Lithuania introduces the euro: Confidence vote for the currency

Lithuania introduces the euro: Confidence vote for the currency

Lithuania adopted the euro on January 1, 2015, as the 19th country to do so. The euro is also used as legal tender by some small non-member countries like Montenegro, while others, such as some in West and Central Africa, have pegged their currencies legally to the euro, writes Prince Michael of Liechtenstein.

Opinions on the principle of the euro are divided. Germany’s Chancellor Angela Merkel once said that the end of the euro would be the end of the European Union. On the other side, the euro is given as the main reason for southern European economies being uncompetitive and, therefore, responsible for the fiscal problems in these countries. The argument is that if weak countries had their own currencies they could devalue and be more competitive.

In some northern European countries anti-euro and anti-European Central Bank perceptions exist. Expansionary monetary policy, especially buying the sovereign bonds of weak member countries, is considered negative. This argument has some justification as the ECB becomes involved in fiscal politics, directly supporting countries in distress.

This is not the ECB's mission. Its role is to set monetary policies, independent of politics, in order to guarantee the euro’s stability.

It is widely believed in Europe and the US, although not supported by facts, that a harmonised economic policy is necessary to get one currency to work. This lack of common economic policy is advanced as the euro’s problem.

Looking behind the emotion and pre-suppositions, the euro itself is not the problem. But problems are manifold:

- Lack of respect for the criteria for reasons of political expediency: The EU’s two largest members - Germany and France - broke the criteria of a maximum deficit of 3.5 per cent of GDP a year after the euro was introduced. This set a lethal example to others. When Greece joined the eurozone all principles were ignored.

- Irresponsible overspending by member countries: Excessive sovereign debt is not caused by the euro but by populist politics. Political parties in different countries are basically buying votes through favours to the public. The problem was easy finance as public debt from eurozone countries had top investment-grade ratings, against all economic logic.

- The density of the European regulatory framework, exacerbated by national regulations, caused problems for southern European businesses adapting to a competitive level in an open market. Currency devaluation is only a short-term remedy. It would have been better to give them more time to adapt with fewer regulations. The regulatory framework also gave existing large businesses a huge competitive advantage.

- As construction boomed, thanks to low interest rates and EU grants, large parts of the economy were readjusted to construction, especially in Greece and Spain. Disaster was imminent once the boom ended. Low euro interest rates helped create debt and a property bubble.
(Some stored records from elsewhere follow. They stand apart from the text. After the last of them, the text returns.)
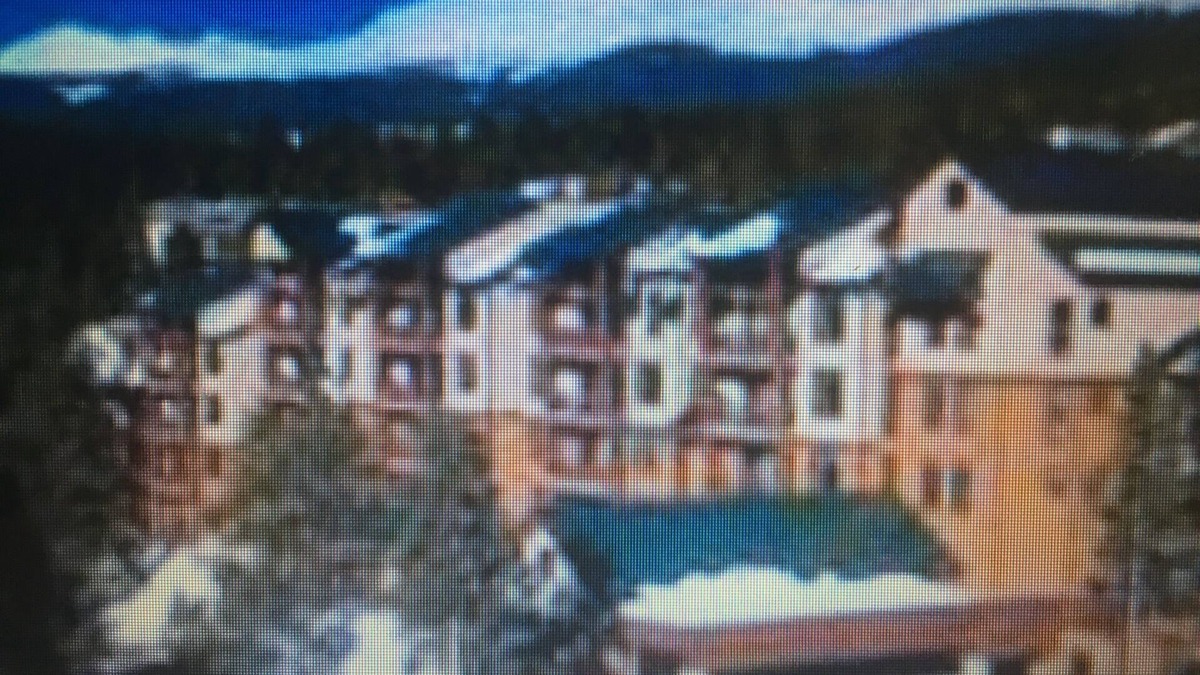 Peak 9 Condo | Spend the week at Valdoro Mountain Lodge & quaint Breckenridge Village -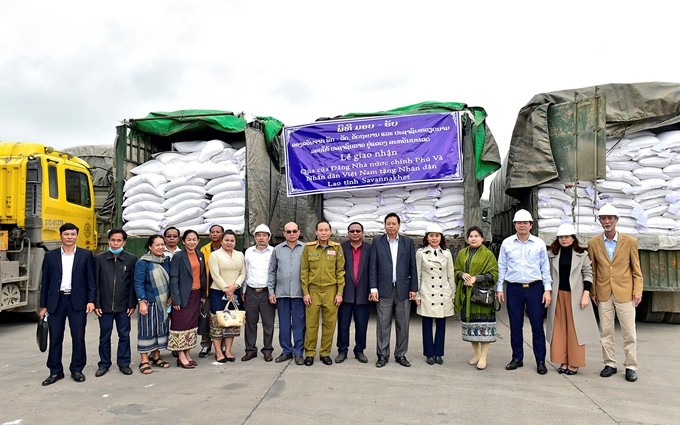 El arroz exportado del Departamento Estatal de la Reserva de Vietnam en apoyo a Laos.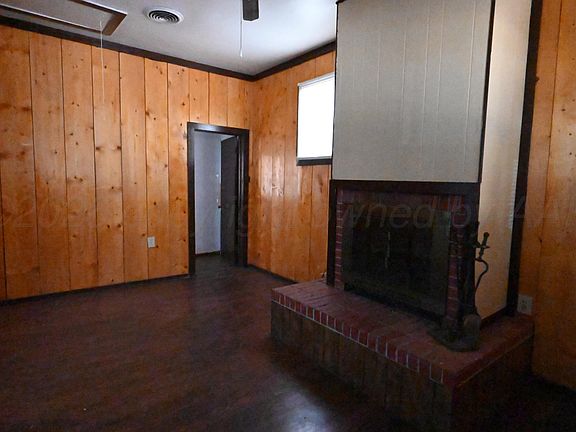 4th image of 210 S Mackenzie Ave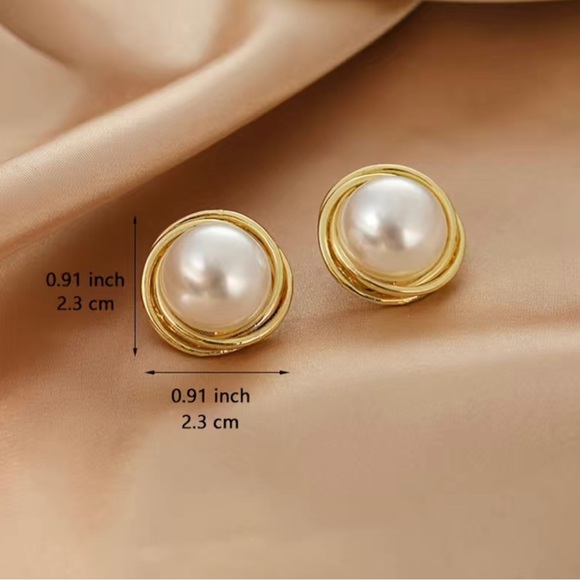 SOLD Large Pearl Stud Earrings (Gold Tone) - Picture 3 of 4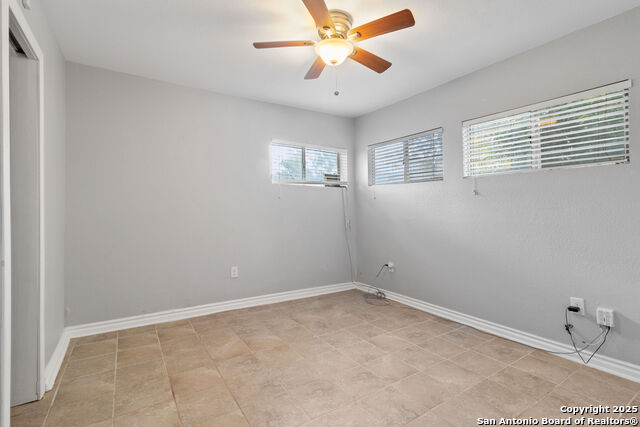 Listing photo id 7 for 311 Karen Lane B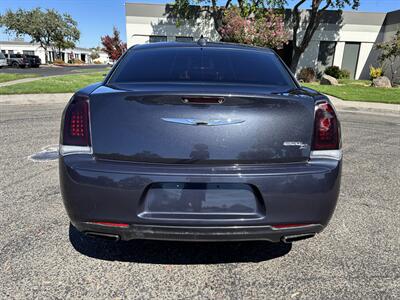 2019 Chrysler 300 Series S   - Photo 4 - Sacramento, CA 95823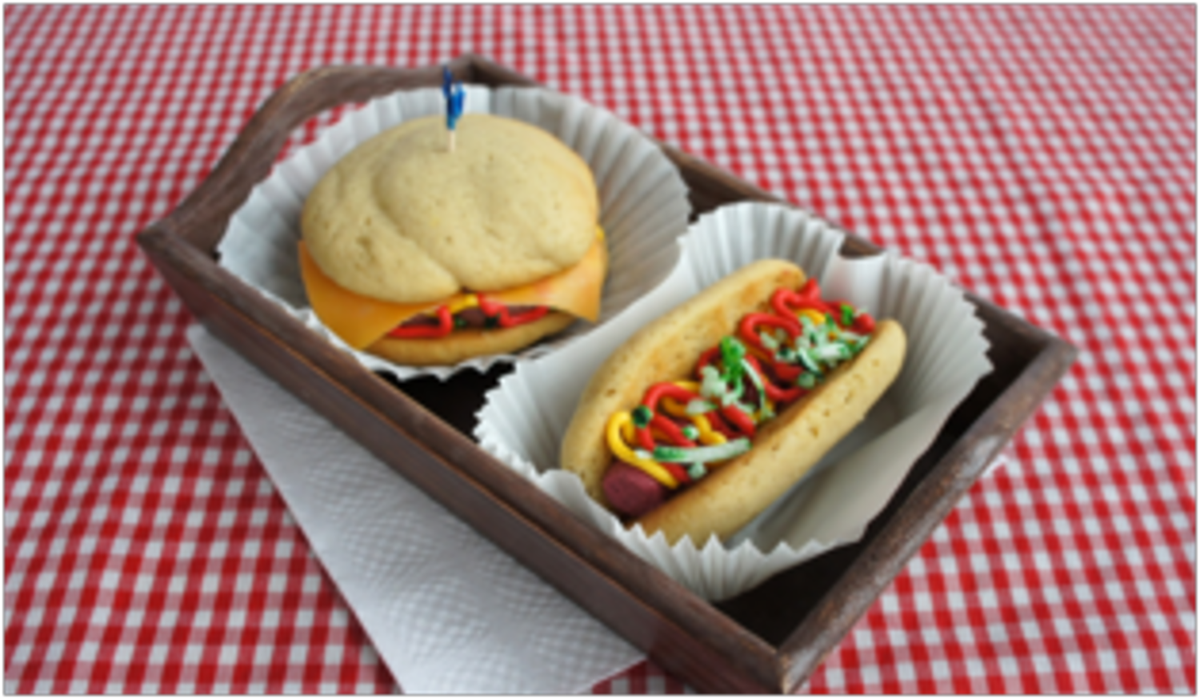 Slika lahko vsebuje Food Hot Dog in Burger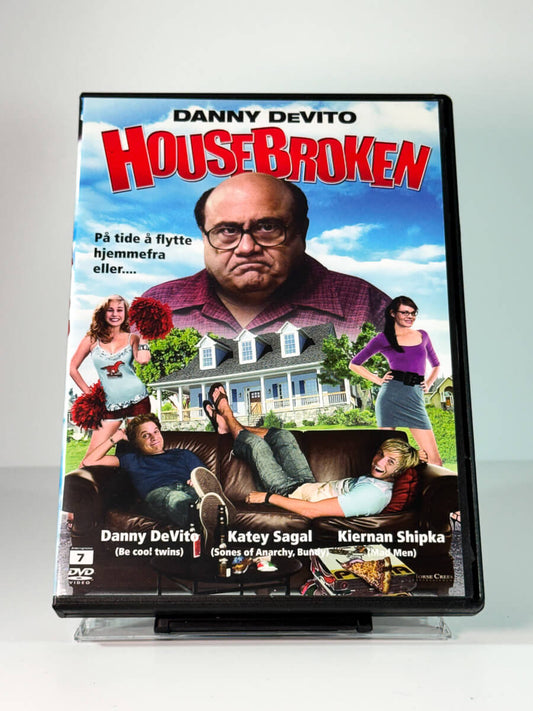 Forside av cover til HouseBroken, brukt original DVD hos Brukbar Film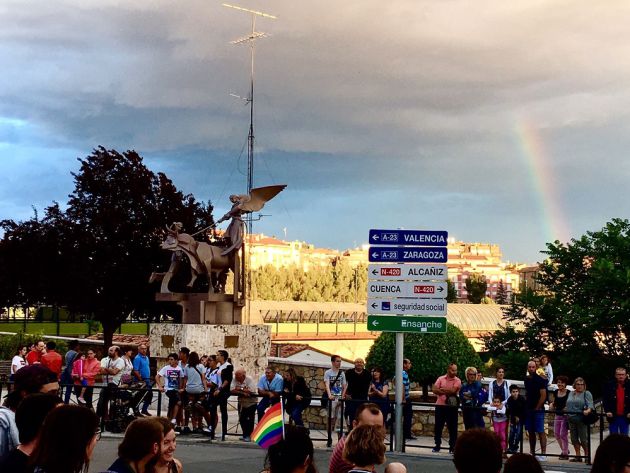 En Teruel, hasta el arcoíris meteorológico se ha sumado a las reivindicaciones En Teruel, hasta el arcoíris meteorológico se ha sumado a las reivindicaciones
We can still consider the euro a positive achievement even with all its weaknesses. The looming danger is that the ECB could become increasingly politically expedient, buying more sovereign debt and therefore supporting irresponsible politics.

A return to respecting the criteria is essential.

Not every country has to remain in the eurozone if it is unable or unwilling to meet the targets. The departure of Greece, for example, should be possible without causing a European disaster.

Lithuania had pegged its currency, the lita, to the euro since 2002 for reasons of trade policy and to avoid strong fluctuations on its small currency. Lithuania, a small country, did its homework like other Baltic countries. Finally joining the eurozone officially is a positive sign of confidence - in both the euro and Lithuania’s economy.